My aims in this regard are to firstly set up a federal framework which sets up the scope of authority, powers, and responsibilities that the Dukes have towards the Kingdom, and the confines by which they must operate within. This then sets up clear expectations for everyone about what freedom Dukes have for their fiefdom, and also the boundaries which when crossed, will result in the use of the Monarch’s prescriptive powers to get them back into the realm of the Kingdom’s expectations.

At the beginning, I expect the Monarch to need to be more prescriptive in setting the tone and direction of the Kingdom, but this will then taper off as the Kingdom comes of age as people get the feel for its direction and the various powerbases.

The federal law component fits in here as it sets the commonalities that will transcend the individual duchies or counties, and sets in every player’s mind the fundamental components of how the Kingdom will function and what people can expect when living within its borders.

The second aim, which is where the real aspect of federalisation comes into play, is to develop goals and objectives that the Kingdom will be working towards, and then have the individuals of the Kingdom committed to achieving them. At the end of the day, it is shared purpose and a common vision that brings people together into a successful federation. When interests diverge too much, then you end up with things like rebellious citizens from the people, Dukes trying to split off, etc.

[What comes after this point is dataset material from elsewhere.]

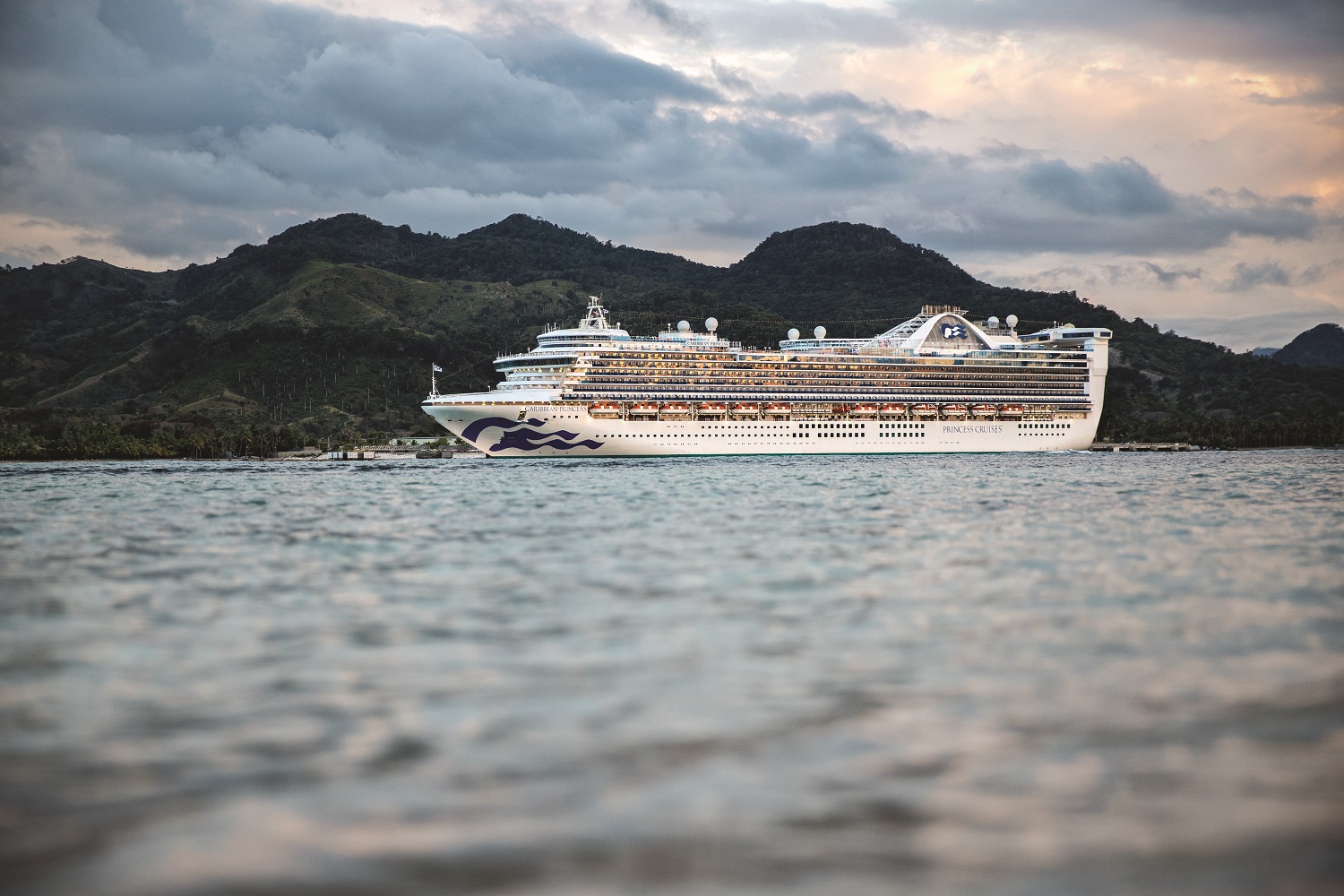 Panama Canal with Costa Rica & Caribbean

What I want for this Free Kingdom, is for us to achieve a unification which solidifies us as a true, independent Kingdom, and then to prosper as that until the game ends.

I will work hard to see us weather all ills and the crap thrown at us, and at the end to be something we look back at and say with pride “We built that thing that has stood the test of time, and I’m glad I was part of it“.

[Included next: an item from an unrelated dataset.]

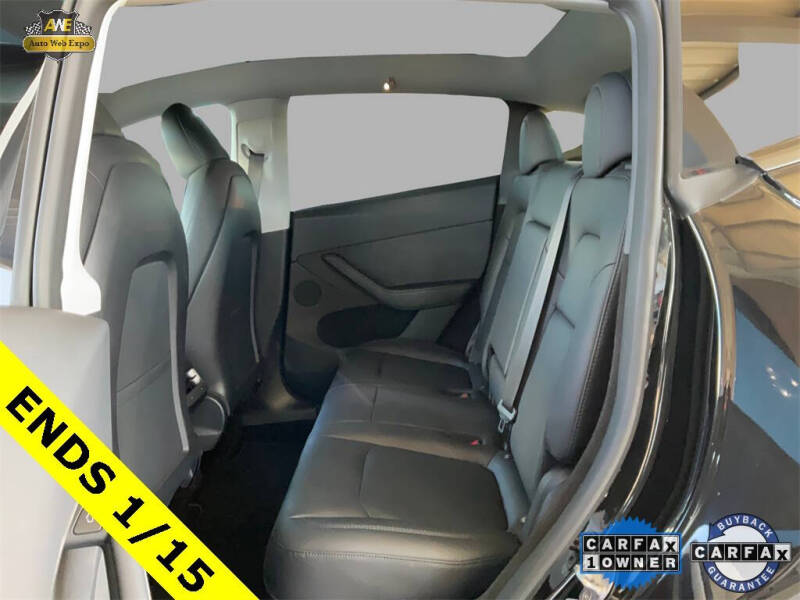 2023 Tesla Model Y Long Range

Can the Monarch marry a commoner?

Once again, this is another area that I have not provided much thought to, and honestly, this tends to be something that will become an element shaped by the expectations and culture of the Conclave of Lords. Much of the specific nature of these types of laws are going to be a result of debate and agreement among the nobles when the Kingdom is more formed politically.

Personally, I see no issue with marrying a commoner, but historically in the real-world that has annoyed the nobility who prefer to keep the pool of potential candidates small, and exclusive to their world of political jostling. How the nobility views and debates this factor is going to be interesting and may reveal something about their view of commoners in general.